Alternativen zu Tourismus als Einnahmequelle

Warum hat das bei uns - wenn auch nicht ganz ohne Zwang und ohne "Reibungsverluste - nach dem WK2 „funktioniert“ - das Beispiel zeigt, wie viele Flüchtlinge wir aufnehmen könnten, wenn wir die damaligen Maßstäbe (jeder Haushalt, der über eine Wohnung verfügte, musste damals mindestens eine Familie aufnehmen) zugrunde legen (also von wegen zu wenig Platz!)…
Das Beispiel ist aus 2 Gründen allerdings nicht realisierbar:

  1. Damals gab es im Wesentlichen keine kulturübergreifende zusätzliche Problematik
  2. Es ging im Grunde allen sehr schlecht - heute wäre es ein gigantischer Status Quo-Verlust für die einen (nämlich für uns)

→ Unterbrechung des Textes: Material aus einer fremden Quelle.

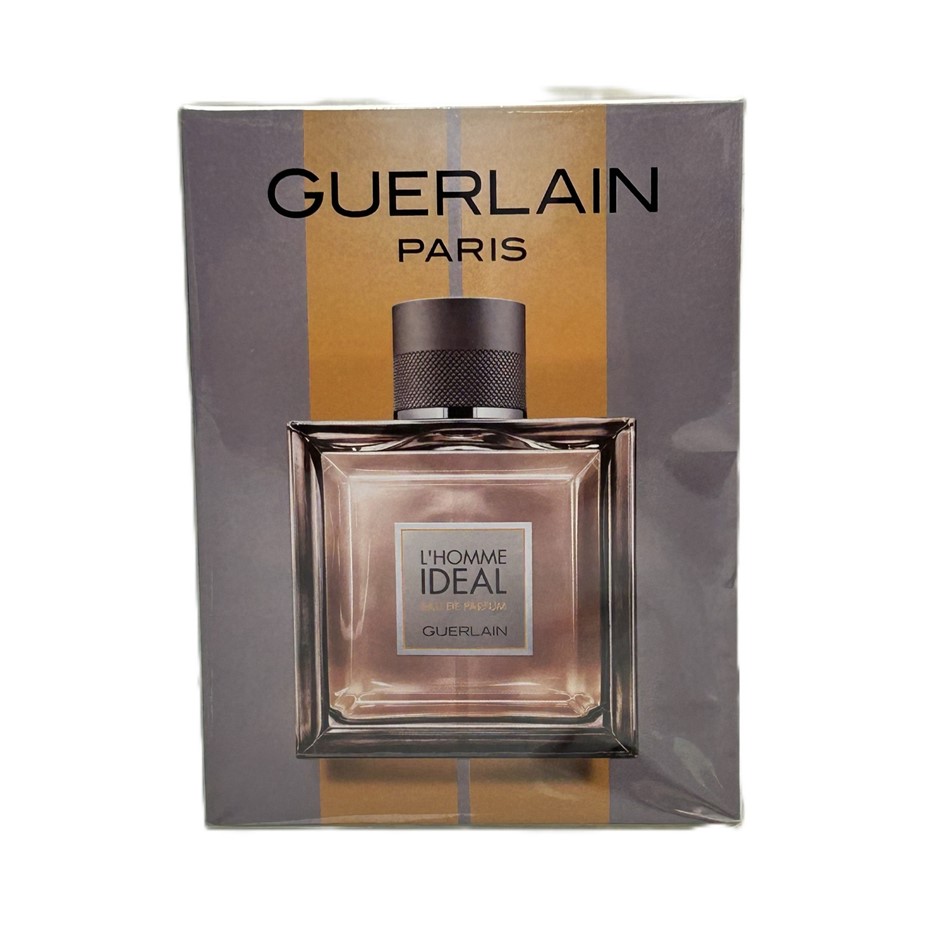 Guerlain L’Homme Idéal Eau De Parfum 100Ml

Selbst also dann, wenn die Flüchtlinge sich einigermaßen nahtlos und mit viel Motivation integrieren wollten - der viele - definitiv verfügbare - Platz bliebe ungenutzt, weil der abverlangte deutliche/dramatische Status Quo-Verlust keine Alternative zum Ertrinken im Mittelmeer oder zum verhungern/verdursten in ökologischen Katastrophengebieten ist - und selbst eine hinreichende theoretische „Umverteilung“ von Nahrungs- und anderen -mitteln scheint derzeit kein Thema - bestes Beispiel ist die angeblich dramatische Verschlimmerung der Versorgung der ärmeren Staaten aufgrund des völkerrechtswidrigen Krieges in der Ukraine - der gigantisch größte Teil der Weizenlieferungen, der jetzt wieder zum Stillstand gekommen ist, ging an USA und China - sicher nicht für deren Hungerhilfsprogrammen zum Weiterverteilen - sondern für die Schweinemast und ähnliche Genussgüter, die den Industrienationen vorbehalten sind …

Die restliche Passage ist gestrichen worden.